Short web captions
····················

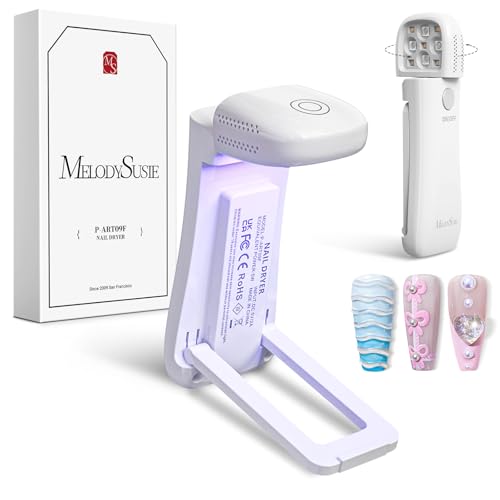 Image of MelodySusie 2in1 Mini Foldable Cordless UV Nail Lamp for Manicure Beginners | Hands-Free Fold-out Stand,Lighting & Curing 2 Mode,30s /60s Timer for Gel-X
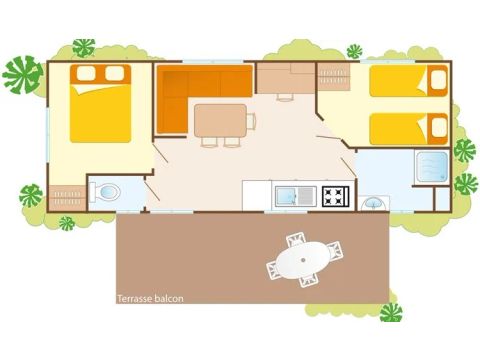 MOBILHOME 6 personas - Mobil-home | Clásico | 2 Dormitorios | 4/6 Pers. | Terraza elevada | Aire acondicionado.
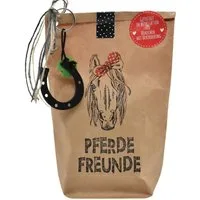 Wunderle Wundertüte Pferdefreunde Wundertüte mit Hufeisen Anhänger, Pferde Fan, Mitbringsel, Geschenk, Geschenkidee für Freundin, Frauen, Männer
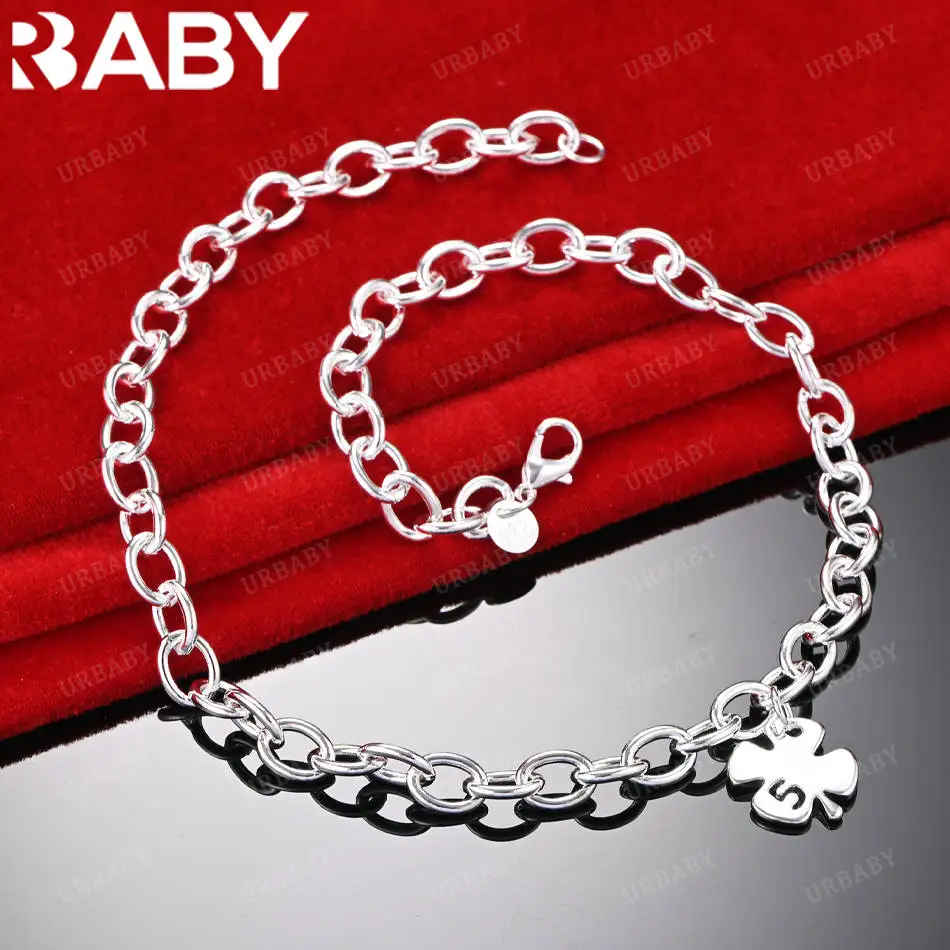 

URBABY 45cm 925 Sterling Silver Four-leaf Clover Chain Necklace For Women Men Charm Trend Birthday Gifts Fashion Party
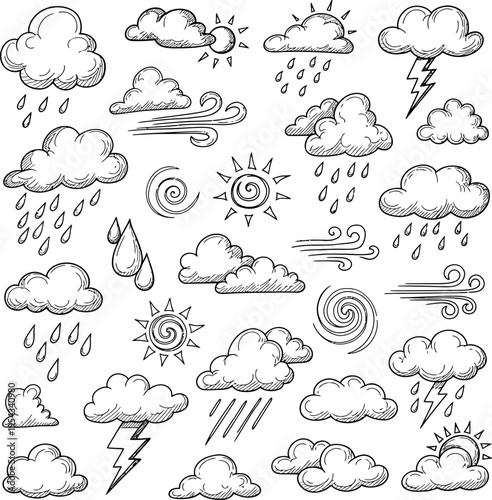 A comprehensive hand-sketched ensemble of diverse weather conditions, including sunny skies, cloudy days, rain showers, lightning strikes, and swirling winds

····················

Copy out all the records exactly as they read, and omit the pictures.

 Image of MelodySusie 2in1 Mini Foldable Cordless UV Nail Lamp for Manicure Beginners | Hands-Free Fold-out Stand,Lighting & Curing 2 Mode,30s /60s Timer for Gel-X
 MOBILHOME 6 personas - Mobil-home | Clásico | 2 Dormitorios | 4/6 Pers. | Terraza elevada | Aire acondicionado.
 Wunderle Wundertüte Pferdefreunde Wundertüte mit Hufeisen Anhänger, Pferde Fan, Mitbringsel, Geschenk, Geschenkidee für Freundin, Frauen, Männer

URBABY 45cm 925 Sterling Silver Four-leaf Clover Chain Necklace For Women Men Charm Trend Birthday Gifts Fashion Party
 A comprehensive hand-sketched ensemble of diverse weather conditions, including sunny skies, cloudy days, rain showers, lightning strikes, and swirling winds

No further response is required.